There have been some problems with the optimizer and particularly with
floating point numbers, plus some particularly annoying bugs in static
array initialization (mentioned by baur, but there's a fairly simple
workaround) and variant records (which I think may have been fixed in
5.5j). 

I have no reservations about using Verdix for use on large projects in a
Unix self-hosted environment.  

				dave emery
				emery@mitre-bedford.arpa

sommar@enea.se (Erland Sommarskog) (08/27/88)

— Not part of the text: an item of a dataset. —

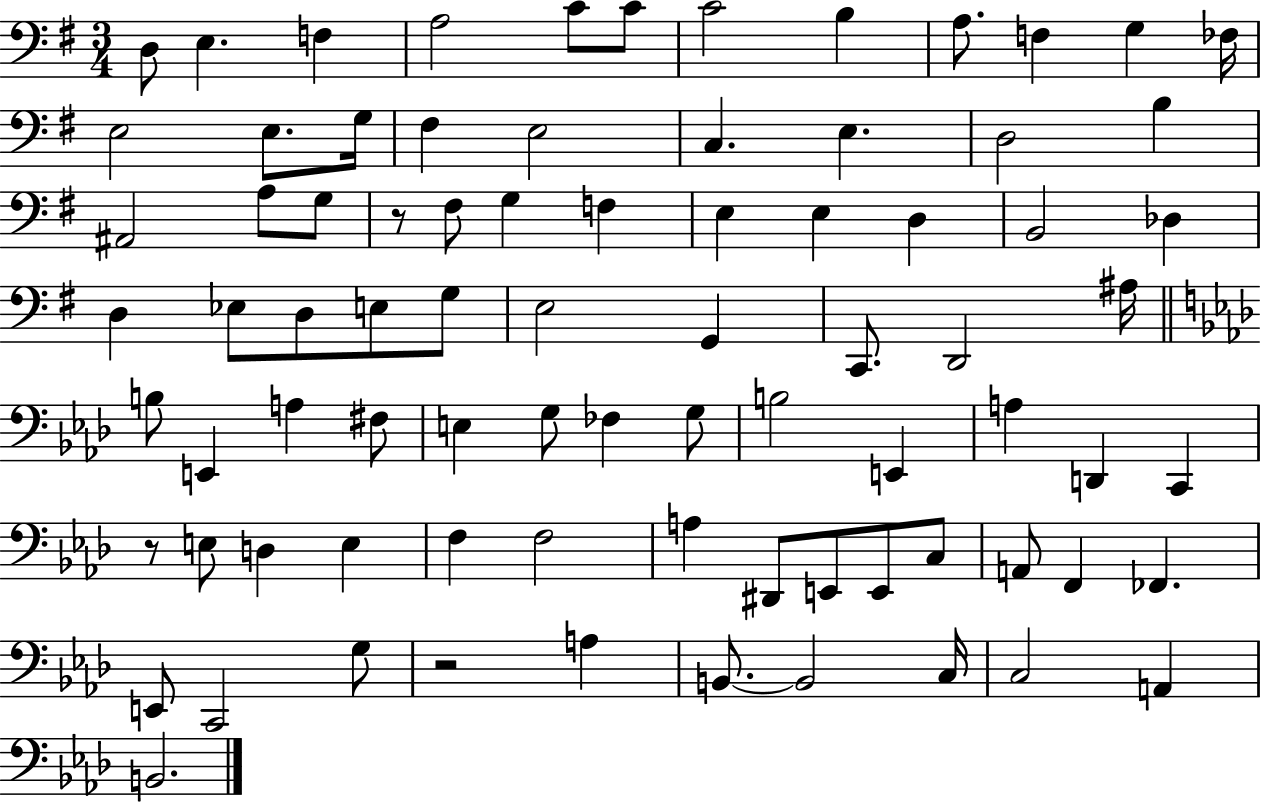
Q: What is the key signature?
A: G major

David E. Emery (dee@linus.UUCP) writes:
>Verdix is 1 of only 2 compilers that that I know to implement code
>sharing of generic bodies.  Furthermore, Verdix does NOT require that
>the body of a generic be compiled before its instantiation.  It is
>possible to write mutually dependent generics (each generic
>instantiates the other) in Verdix, where most compilers will gag on
>such code.  

We're having 5.41 of VADS here for VAX/4.3BSD, and I have written
several error reports on VADS, and more than one of them was on
generics. For instance, the debugger couldn't find the source for 
generic procudure within a generic package. Even more amazing was
to find a generic package to be dependent of its instantiator!

A good point is that if you change a generic body, instantiators
doesn't get invalidated, like they do with DEC/Ada. But the 
recompilation takes a very long time.

Another problem I have had with VADS are the DIANA files. They
get BIG, and *eats* diskquota. (And a.rm doesn't clear away old
instantiations.) To make things worse, units from other libraries
are cached in a local directory. Tip if you plan to use VADS: Get
your own disk, and don't have any quota.
-- 
Erland Sommarskog           
ENEA Data, Stockholm           - Why are Macintosh screens so small?